_Exercise aim_
From the line below containing "Best Pirce 🤩" to the final line, print each line exactly as written. No pictures belong in the copy.

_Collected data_
>>>>>

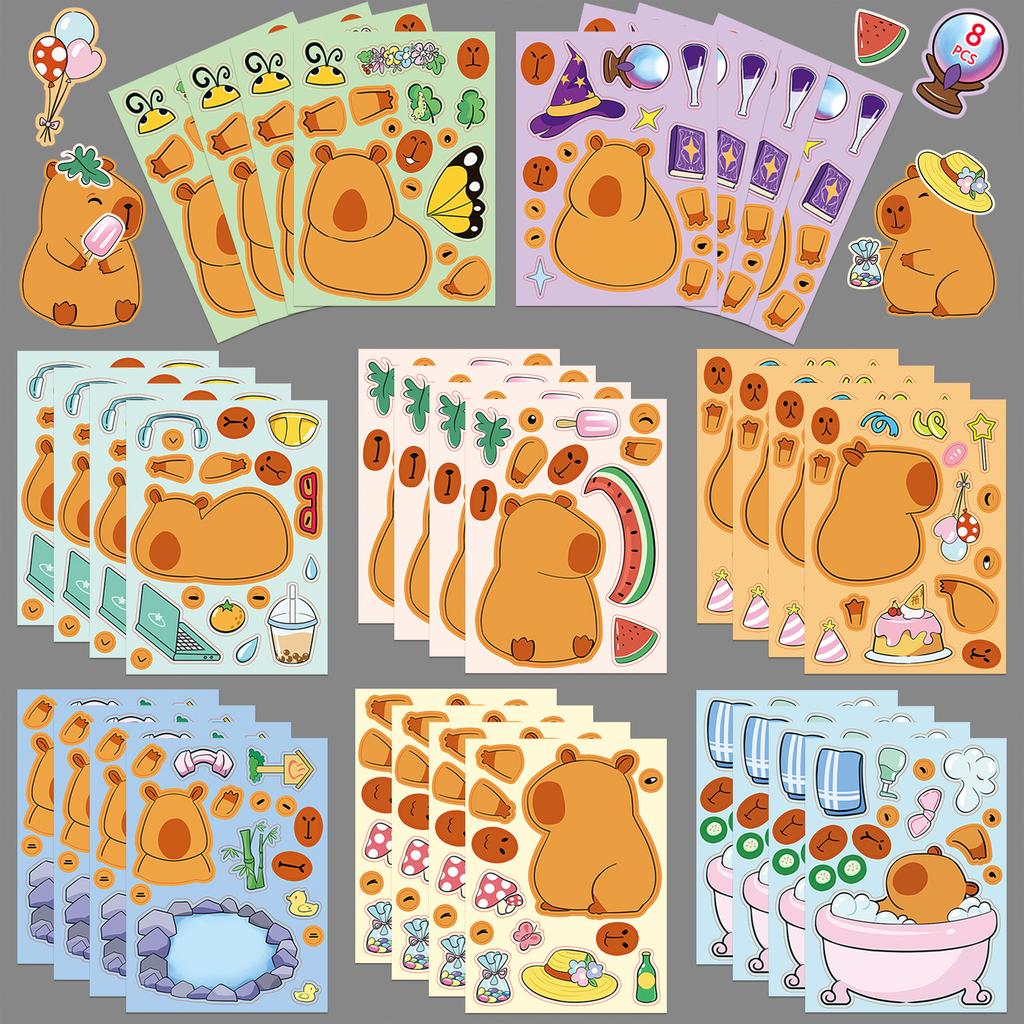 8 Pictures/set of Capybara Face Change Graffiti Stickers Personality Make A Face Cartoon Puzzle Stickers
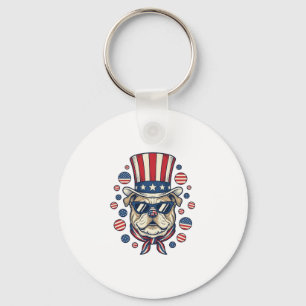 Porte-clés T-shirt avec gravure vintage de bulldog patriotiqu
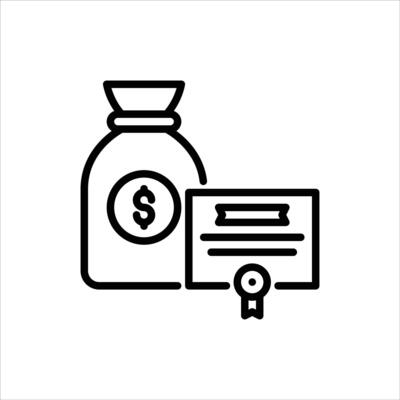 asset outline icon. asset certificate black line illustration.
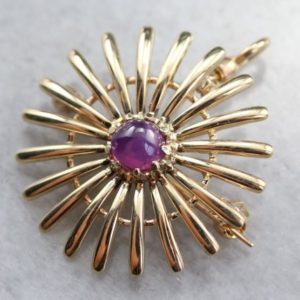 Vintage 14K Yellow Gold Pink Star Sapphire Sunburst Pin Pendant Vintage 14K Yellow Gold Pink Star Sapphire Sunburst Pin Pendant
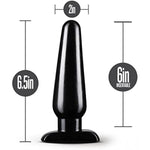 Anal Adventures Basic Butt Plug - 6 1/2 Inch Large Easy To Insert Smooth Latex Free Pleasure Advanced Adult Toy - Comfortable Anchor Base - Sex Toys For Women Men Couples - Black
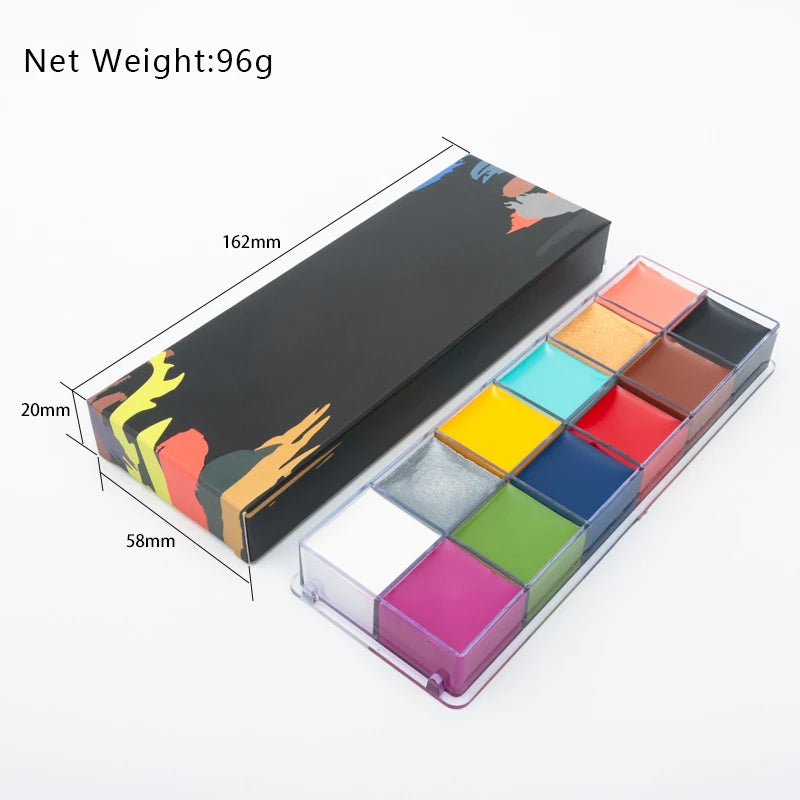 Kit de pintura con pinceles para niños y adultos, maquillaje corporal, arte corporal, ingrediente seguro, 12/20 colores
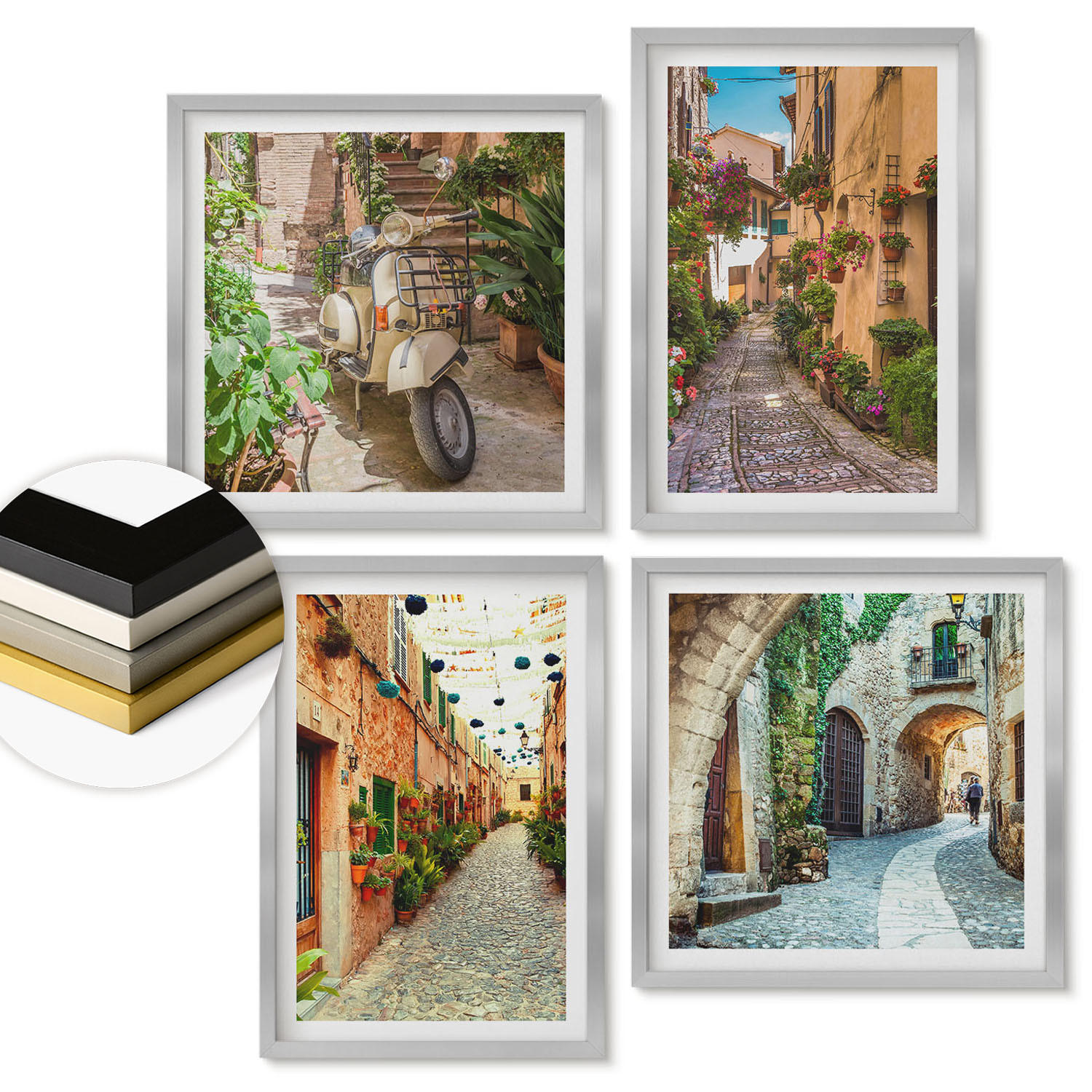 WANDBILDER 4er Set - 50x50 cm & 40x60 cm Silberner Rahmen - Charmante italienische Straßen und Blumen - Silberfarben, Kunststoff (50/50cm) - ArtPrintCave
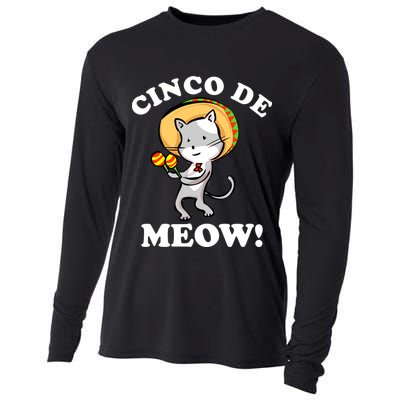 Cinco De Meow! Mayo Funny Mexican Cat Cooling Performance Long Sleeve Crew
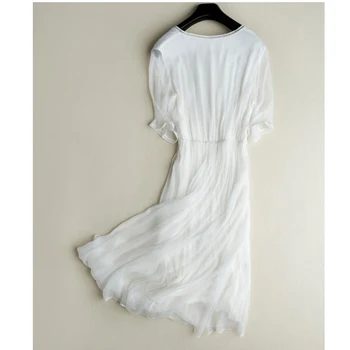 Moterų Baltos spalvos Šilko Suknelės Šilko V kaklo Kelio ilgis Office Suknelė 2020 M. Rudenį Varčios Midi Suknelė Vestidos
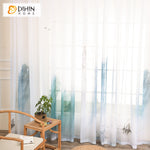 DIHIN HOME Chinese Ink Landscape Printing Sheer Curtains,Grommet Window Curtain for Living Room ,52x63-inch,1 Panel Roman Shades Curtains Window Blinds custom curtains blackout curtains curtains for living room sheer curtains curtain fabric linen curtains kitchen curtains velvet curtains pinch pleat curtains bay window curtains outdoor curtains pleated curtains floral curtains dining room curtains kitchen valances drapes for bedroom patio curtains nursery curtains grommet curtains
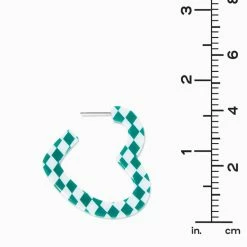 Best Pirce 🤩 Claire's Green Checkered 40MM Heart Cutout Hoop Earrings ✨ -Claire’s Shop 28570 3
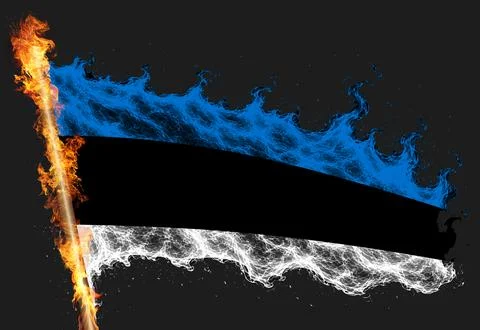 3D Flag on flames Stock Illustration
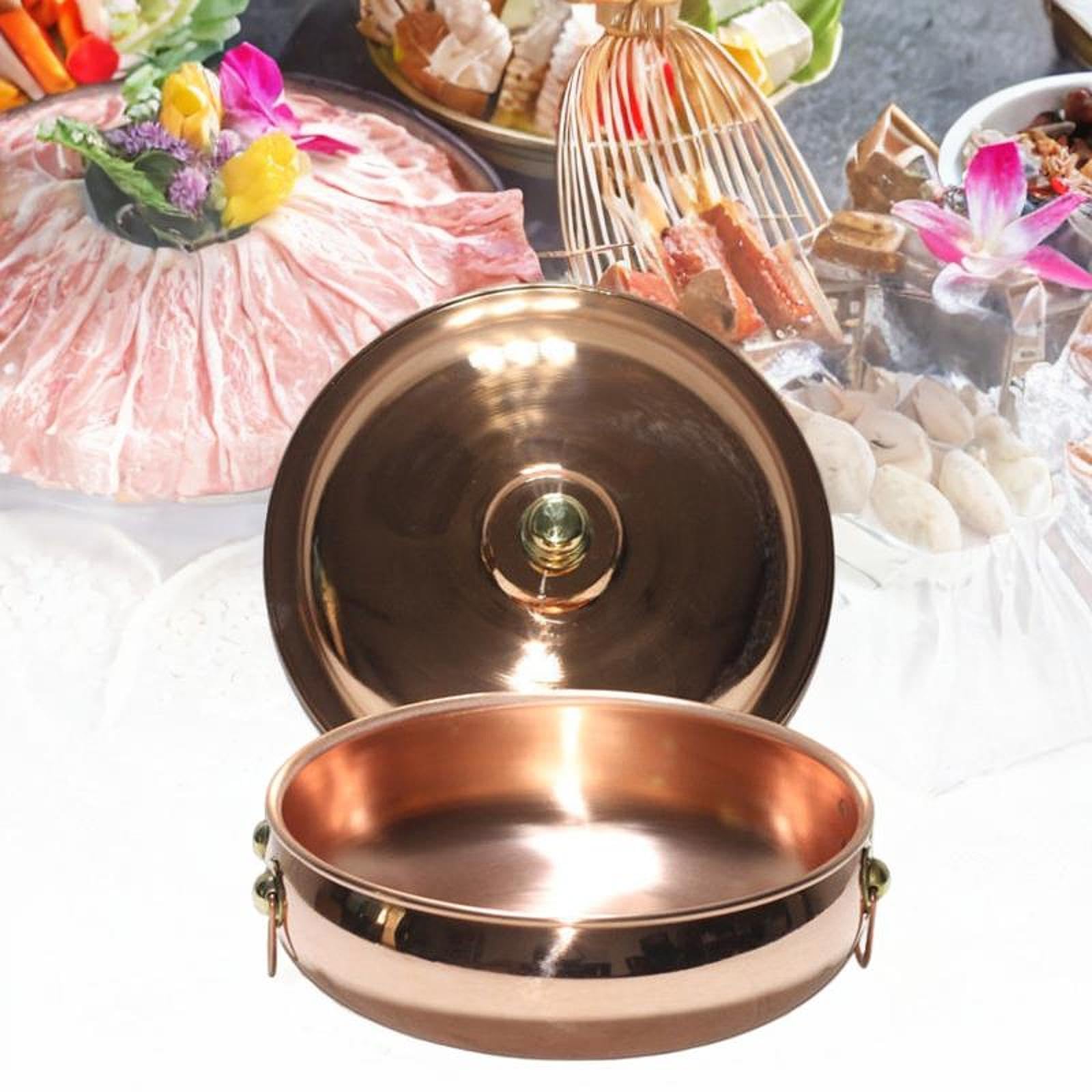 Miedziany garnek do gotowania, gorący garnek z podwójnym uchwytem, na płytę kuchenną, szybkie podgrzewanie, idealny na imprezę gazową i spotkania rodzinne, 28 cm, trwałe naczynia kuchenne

<<<<<

_Answer box_
 Best Pirce 🤩 Claire's Green Checkered 40MM Heart Cutout Hoop Earrings ✨ -Claire’s Shop 28570 3
 3D Flag on flames Stock Illustration
 Miedziany garnek do gotowania, gorący garnek z podwójnym uchwytem, na płytę kuchenną, szybkie podgrzewanie, idealny na imprezę gazową i spotkania rodzinne, 28 cm, trwałe naczynia kuchenne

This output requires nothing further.